Centaur Layer

Keep human judgment active while coding with AI.

Centaur Layer is a reasoning-preservation layer for AI-assisted software development. It is a small, local plugin — for both Codex and Claude Code — that wraps your existing AI coding workflow with contracts, deterministic diff risk signals, Socratic debugging, and AI-readiness audits, so the human stays in the loop on intent, tradeoffs, and risk.

AI agents make implementation faster. Centaur Layer targets the quieter failure mode: accepting generated code without understanding its risk.

Inspiration & The Centaur Concept

The name comes from two places.

Garry Kasparov — Centaur Chess. After losing to IBM's Deep Blue in 1997, Kasparov didn't retreat from machines. In 1998 he launched "Advanced Chess" (later centaur chess): a human paired with a chess engine. The lasting finding from centaur tournaments was that an amateur with a modest machine and a good process could beat both grandmasters and top engines playing alone. The moat was the process — the human's questions, doubts, and judgment over the machine's output — not raw computation.

Barış Özcan — "Are you using AI, or is it using you?" In his video essay, Özcan contrasts two modes of working with AI:

The Cyborg fuses with the tool. Speed feels great, but the reasoning you stop using atrophies — until you can no longer architect, debug, or even evaluate the output without it.
The Centaur stays a distinct rider. The machine carries velocity, the human carries judgment. They stay sharp by owning the parts that matter — intent, risk, and the final call.

The core problem: review risk. AI assistants don't just introduce code risk; they introduce review risk. The developer stops tracing assumptions and edge cases, the diff gets merged anyway, and the bug surfaces weeks later in code no one re-read.

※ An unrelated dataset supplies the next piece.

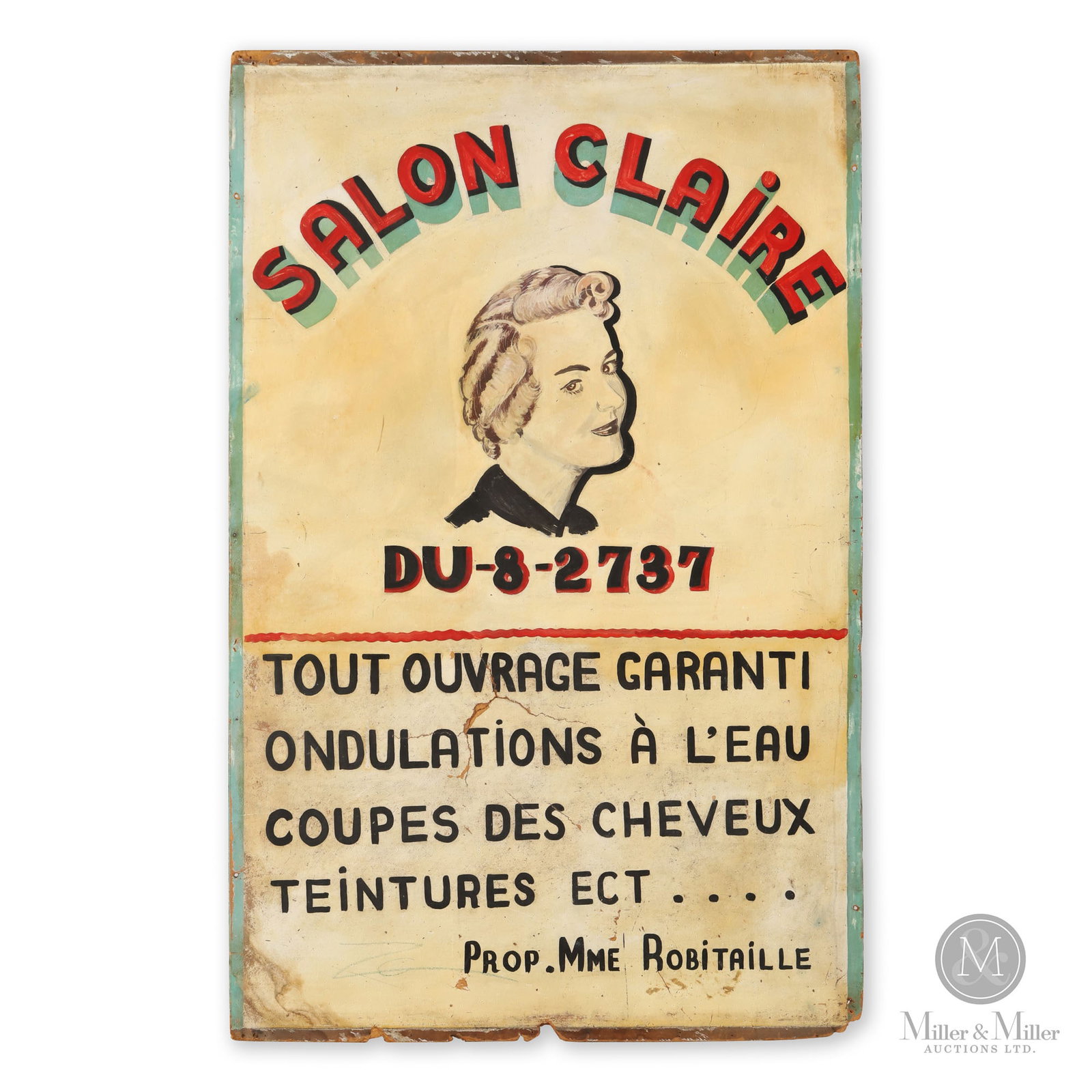 1940s Quebec Masonite Beauty Salon Sign: Quebec. Paint, masonite. A painted Quebec masonite beauty hair salon shop sign for Mme. Robitaille's "Salon Claire" with services offered, including a portrait in black on yellow with red and green ac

Centaur Layer is scaffolding for staying the Centaur:

contracts make the rider/horse boundary explicit
risk signals stop dependency or auth changes from slipping through unreviewed
comprehension checks force a "do I actually understand this?" before acceptance
Socratic coaching resists pasting the answer and skipping the thinking

AI may accelerate implementation, but the human keeps ownership of intent, tradeoffs, risk, and final judgment.

Status

Public preview / local MVP. Centaur Layer is a plugin built from deterministic shell scripts and skill instructions. It is ready for experimentation, feedback, and small-team trials. It is not an enterprise governance platform, and it does not phone home.

What It Does

Skill	Purpose
`centaur-init`	Bootstrap a contract, policy file, and runtime state in a target repo.
`centaur-contract`	Define what the human owns, what AI may do, and which changes need confirmation.
`centaur-check`	Score the current diff (low / medium / high) and ask short, targeted comprehension questions.
`centaur-coach`	Socratic debugging — guides reasoning instead of pasting the final answer.
`centaur-health`	Audit AI-readiness: policy, contract, verification commands, guardrails, git state.
`centaur-drill`	Opt-in synthetic review drills — never writes defects into real files.
`centaur-install-hooks`	Install a local pre-commit hook that blocks high-risk diffs.
`centaur-stats`	Summarize local usage (checks, drills, health audits) from `.centaur/metrics.jsonl`.

Quick Demo

A dependency change without lockfile evidence is gated as high risk — the questions are specific, and the script exits non-zero so a pre-commit hook or CI can block it:

CENTAUR CHECK: high

Modified files:
- package.json

Risk reasons:
- dependency or build metadata changed: package.json
- dependency metadata changed without lockfile evidence

Diff signals:
- files_changed: 1
- dependency_manifest_changed: yes
- lockfile_evidence: no
- test_runner: detected

Questions:
- What behavior is intended to change, and what must remain unchanged?
- Which command proves this change is safe enough to accept?
- Which edge case would be most expensive to miss here?

Verification:
- Required before acceptance: state intended behavior and run the relevant verification command.

Recommendation:
- Revise or verify before accepting this AI-generated change.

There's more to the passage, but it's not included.